The high correlation between IQ and EA shows that these two measures are not merely two otherwise unrelated “development indicators.” It rather shows that intelligence tests and scholastic achievement tests measure the same or nearly the same construct. To the extent that educational attainment is important for a country’s economic or cultural destiny, IQ is important as well. We suggest that both can be used interchangeably as measures of “human capital.”
It is nevertheless instructive to investigate the reasons for discrepancies between IQ and EA. One of the most unexpected results is that a measure for the quality of the IQ data has no independent effect on the discrepancy between IQ and EA. However, the quality of the EA data does have a substantial effect. Possibly our measure for the quality of the available IQ data is defective, but we can nevertheless conclude that an important contribution to IQ–EA discrepancies comes from the inaccuracy of the scholastic assessments, rather than the inaccuracy of IQ studies. It suggests a need to improve the representativeness of the samples that are tested in TIMSS, PISA and other international scholastic assessment programs.

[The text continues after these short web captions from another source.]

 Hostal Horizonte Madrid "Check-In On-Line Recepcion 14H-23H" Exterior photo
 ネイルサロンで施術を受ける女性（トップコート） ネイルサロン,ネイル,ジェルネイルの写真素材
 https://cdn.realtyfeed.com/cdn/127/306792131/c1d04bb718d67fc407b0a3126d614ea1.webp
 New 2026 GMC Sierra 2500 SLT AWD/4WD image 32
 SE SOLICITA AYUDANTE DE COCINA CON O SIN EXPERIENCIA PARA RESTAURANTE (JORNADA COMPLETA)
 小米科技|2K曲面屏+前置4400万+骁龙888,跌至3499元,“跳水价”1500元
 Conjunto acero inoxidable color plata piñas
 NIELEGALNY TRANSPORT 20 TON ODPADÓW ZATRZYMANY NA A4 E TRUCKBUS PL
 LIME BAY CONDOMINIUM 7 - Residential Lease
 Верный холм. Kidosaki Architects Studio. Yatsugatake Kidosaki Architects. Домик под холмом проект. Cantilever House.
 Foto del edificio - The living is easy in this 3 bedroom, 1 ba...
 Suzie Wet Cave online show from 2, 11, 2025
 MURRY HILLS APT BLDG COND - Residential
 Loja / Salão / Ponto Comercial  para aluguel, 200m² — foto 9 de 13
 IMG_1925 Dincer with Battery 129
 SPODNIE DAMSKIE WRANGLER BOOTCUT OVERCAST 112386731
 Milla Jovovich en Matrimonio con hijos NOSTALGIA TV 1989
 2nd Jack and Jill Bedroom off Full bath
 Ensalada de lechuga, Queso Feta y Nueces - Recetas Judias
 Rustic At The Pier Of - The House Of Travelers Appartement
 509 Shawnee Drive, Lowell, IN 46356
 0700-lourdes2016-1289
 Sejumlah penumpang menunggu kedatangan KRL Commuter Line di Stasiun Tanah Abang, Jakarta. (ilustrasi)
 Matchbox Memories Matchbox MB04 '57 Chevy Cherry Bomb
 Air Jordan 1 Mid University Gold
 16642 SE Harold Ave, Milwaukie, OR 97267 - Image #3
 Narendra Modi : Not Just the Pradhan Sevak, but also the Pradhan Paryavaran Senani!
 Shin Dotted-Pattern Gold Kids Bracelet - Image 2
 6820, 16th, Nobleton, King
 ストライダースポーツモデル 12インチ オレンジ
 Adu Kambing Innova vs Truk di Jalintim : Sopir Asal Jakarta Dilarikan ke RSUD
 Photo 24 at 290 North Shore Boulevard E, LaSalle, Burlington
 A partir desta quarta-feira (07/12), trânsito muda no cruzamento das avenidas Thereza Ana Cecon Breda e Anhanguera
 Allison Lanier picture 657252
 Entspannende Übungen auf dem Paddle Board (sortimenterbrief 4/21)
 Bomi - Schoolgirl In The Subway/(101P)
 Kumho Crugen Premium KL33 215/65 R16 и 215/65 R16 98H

A second reason for IQ–EA discrepancies is the widespread use of tests of fluid intelligence, especially the Progressive Matrices tests, as measures of intelligence. These tests appear to produce larger IQ–EA discrepancies than tests that also measure crystallized intelligence, such as the Wechsler. This finding, if it proves consistent in future studies, is not a flaw that needs to be remedied but a genuine difference in the abilities that are measured by scholastic achievement tests as opposed to IQ tests.
The non-relationship of the IQ–EA discrepancy with the date of the IQ study is puzzling. With few exceptions, the scholastic assessments that were computed into the EA date from 1995 and later. Therefore the EA should be more closely related to the results of recent IQ studies than to the results of older IQ studies. Failure to find this predicted relationship suggests that the Flynn effect has proceeded at a similar pace in most countries of the world, or at least in most of those countries for which both IQ and EA are available. The implication that the Flynn effect, which is well established in economically developed nations, has proceeded at a similar pace in most countries of the world has been confirmed in the economically developing nations of Brazil, Dominica and Sudan (Meisenberg, Lawless, Lambert, & Newton, 2005; Colom, Flores-Mendoza, & Abad, 2007; Khaleefa, Sulman, & Lynn, 2009).